Kathy Jackson: From business world to CEO of Second Harvest Food Bank

by Linda Hubbard Gulker on December 8, 2011

Second Harvest Food Bank CEO Kathy Jackson

Given Atherton resident Kathy Jackson’s professional background — a series of senior executive positions with a variety of financial institutions — it may be a bit surprising that she’s now CEO of the Second Harvest Food Bank of San Mateo and Santa Clara Counties. But during a break she took from the working world, she became very involved with M-A’s Foundation for the Future.

“I thought I’d retired early,” she said recently during a conversation held at Second Harvest’s San Carlos office. “One reason was that I had two teenage children that I never saw during the daylight during the week.

“Not working allowed me to get involved with the Foundation for the Future and eventually serving as Board president for two years. It was a chance to test out what I learned about management in the private sector in the nonprofit world. Managing volunteers is different than managing employees.”

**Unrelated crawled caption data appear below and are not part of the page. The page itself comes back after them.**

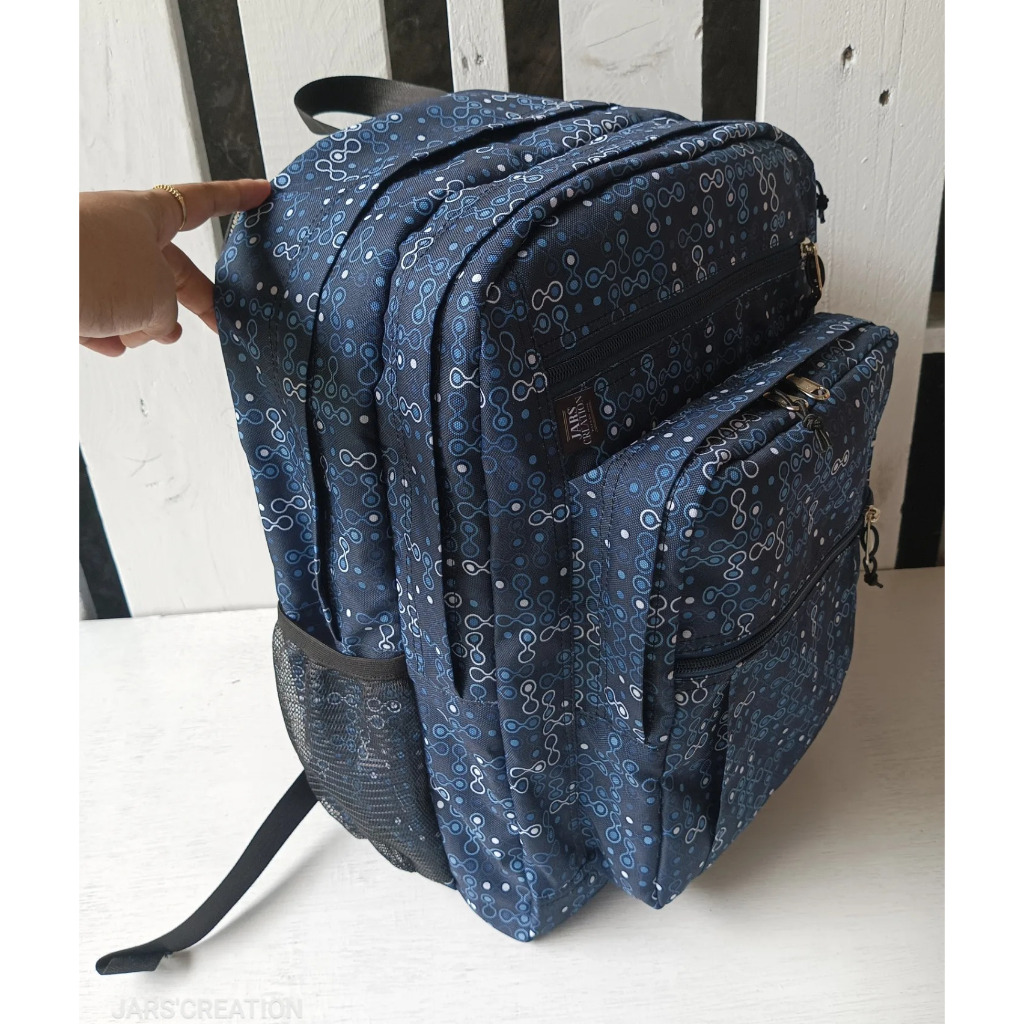 MAJOR BACKPACK made to order ( 2 compartment with laptop partition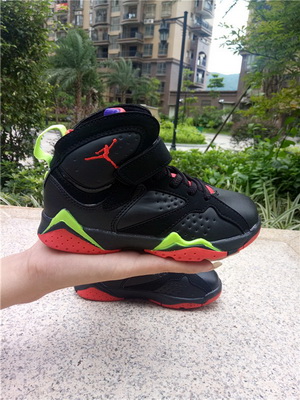 Air Jordan 7 Kids shoes--010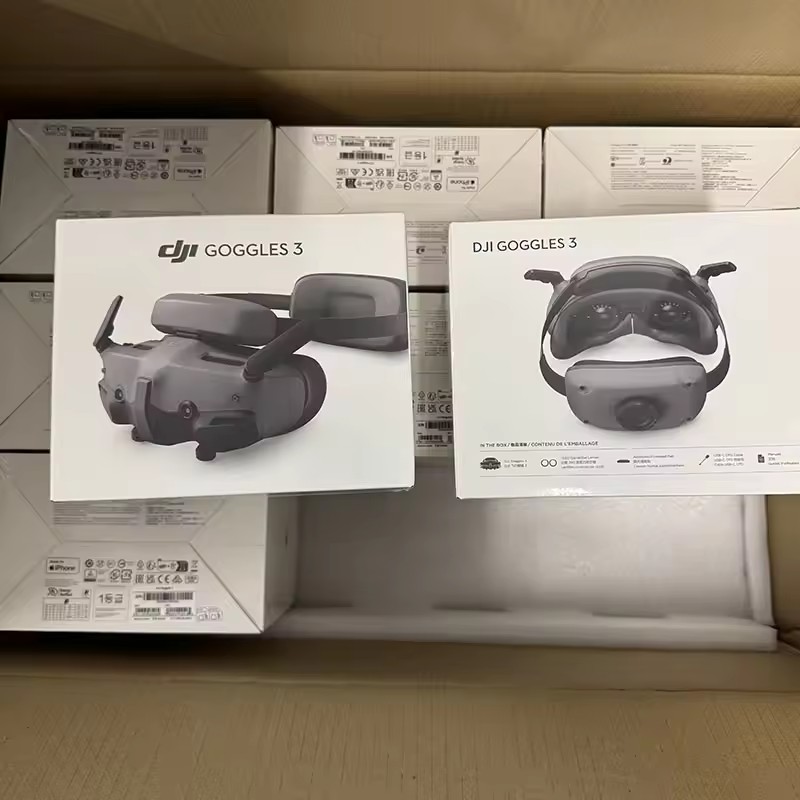 New DJI Goggles 3 Glass suppor - Fpv Drone Goggles のレビューと価格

After four years out of the work place, Kathy felt a yen to jump back in and heard that Second Harvest was looking for a CEO. “I knew nothing about supply chain distribution,” she recalled. “But I was lucky. The Second Harvest Board concluded that they could ‘teach food bank’ but not leadership and communication. So I got the job.”

That was in 2009. Kathy and the Second Harvest staff’s aspiration is to have Second Harvest become known as a nutrition bank, not a just food bank. “People are often surprised that almost 50% of the food we distribute is fresh fruit and vegetables,” she said. “That complicates our distribution, but we’ve been able to forge partnerships with growers in the Central Valley. What doesn’t meet the pristine standards of grocery store produce, comes to us. We cover packaging and transportation.”

Call for food donations at this time of the year

At this time of the year, it’s easy to spot one of the 5,000 Second Harvest barrels scattered up and down the two counties for food collection. “About 11 months out of the year, we prefer monetary donations,” she said. “We have the relationships with growers and distributors, so can turn $1.00 into $4.00 of food for healthy meals.

“But at this time of year, we really value the food we get in the barrels. It’s a simple way for everybody to participate and help make a difference. Almost everyone can drop a can of soup or similar item in a barrel. The size of the gift is not as important as the fact of the gift.

“We are one of only a handful of food banks that does not charge anything for the food we distribute. Yet we manage to provide food for 1 in 10 people in the two counties through more than 300 local community-based organizations.”